Election hacking went much deeper than thought: Voter data manipulated and stolen

Russian Hackers 2016 Presidential Election

Suggesting that the investigation into Russian hacking of U.S. voting systems has only just begun, officials said on Wednesday that the extent of the hacking was much deeper than originally reported: Russian hackers were able to obtain and change voter information – and steal tens of thousands of voter records, including social security numbers.

This follows a separate story earlier this week that the extent of the hacking was deeper than originally reported, so for those keeping score, this is deeper than that.

Time reported that an ongoing investigation found that voter data was manipulated in one local database, but found and corrected. It’s unclear whether that was committed by Russian agents.

But Congressional investigators also found that in Illinois, 90,000 voter records were stolen by Russian hackers – 90 percent of them included driver’s license numbers, with a quarter containing the last four digits of voters’ social security numbers.

As part of the investigation into whether President Trump or his associates colluded with Russia to influence the 2016 presidential campaign, the investigators are looking into whether that data made it to the Trump campaign.

“If any campaign, Trump or otherwise, used inappropriate data, the questions are, how did they get it? From whom? And with what level of knowledge?” said Michael Bahar, the former top Democratic staffer on the House Intelligence Committee. “That is a crux of the investigation.”

A connection has not yet been found, Time reported.

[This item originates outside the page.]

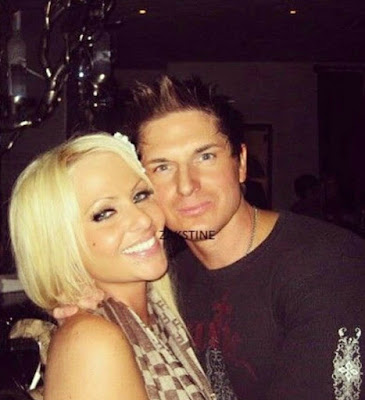 Zak Bagans with his late girlfriend Christine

In a Senate hearing this week, a senior official from the Department of Homeland Security said that 21 states had their voter databases breached by hackers during the 2016 election. 

None of the intrusions affected the vote totals, a number of officials said during the hearings.

Regardless of what more is found, the current revelations about hacking could have a pernicious, long-lasting result, officials said. “The integrity of the entire system is in question,” says Bahar. “So you need the system to push back and find out what happened and why, so it never happens again.”